Unilever’s Jean-Marc Huet and Procter & Gamble's Jon Moeller were among Wednesday's speakers in Paris.

PARIS — Emerging markets and productivity were key topics covered Wednesday during Deutsche Bank’s 11th annual Global Consumer Conference here.

Unilever chief financial officer Jean-Marc Huet addressed investors’ concerns about the ongoing potential of such markets.

“Emerging markets’ income levels are only going to improve,” he said during a presentation, which was Webcast live. “By 2020, 1.3 billion more consumers will be active in our categories…. It’s a fundamental driver to our business.”

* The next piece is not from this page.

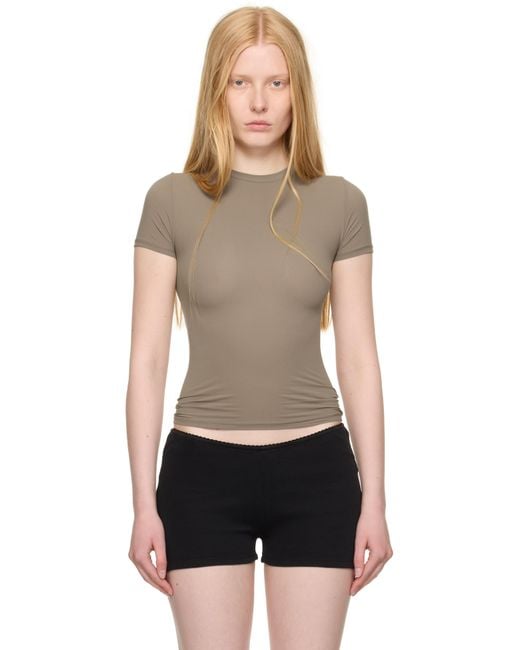 Skims Black Taupe Fits Everybody T-Shirt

Different levels of per capita consumption in various categories give wide potential for growth, he added.
“Turkey would be 11-times bigger if [consumers] used as many deodorants as in Brazil,” he said by way of example, also citing the potential of countries such as Ethiopia, and continuing opportunities for distribution expansion in others, including India, Indonesia and China.

“These markets are very far from maturity,” said Huet. “With the present portfolio, there is so much more to be done.”

Unilever generated 57 percent of its total business across all categories in emerging markets in 2013. The company is planning to double the size of its business over the next few years, and emerging markets are a key part of that strategy.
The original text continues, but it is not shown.